Dong-Hyun Hwang, Kohei Aso, Ye Yuan, Kris Kitani, Hideki Koike*
*Tokyo Institute of Technology, **Carnegie Mellon University
We present MonoEye, a multimodal human motion capture system using a single RGB camera with an ultra-wide fisheye lens, mounted on the user’s chest. Existing optical motion capture systems use multiple cameras, which are synchronized and require camera calibration. These systems also have usability constraints that limit the user’s movement and operating space. Since the MonoEye system is based on a wearable single RGB camera, the wearer’s 3D body pose can be captured without space and environment limitations. The body pose, captured with our system, is aware of the camera orientation and therefore it is possible to recognize various motions that existing egocentric motion capture systems cannot recognize. Furthermore, the proposed system captures not only the wearer’s body motion but also their viewport using the head pose estimation and an ultra-wide image.
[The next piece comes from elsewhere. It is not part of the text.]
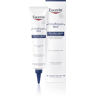 Eucerin Urearepair Krém Pro Lokál.použití 30% 75ml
To implement robust multimodal motion capture, we design three deep neural networks: BodyPoseNet, HeadPoseNet, and CameraPoseNet, that estimate 3D body pose, head pose, and camera pose in real-time, respectively. We train these networks with our new extensive synthetic dataset providing 680K frames of renderings of people with a wide range of body shapes, clothing, actions, backgrounds, and lighting conditions. To demonstrate the interactive potential of the MonoEye system, we present several application examples from common body gestural to context-aware interactions.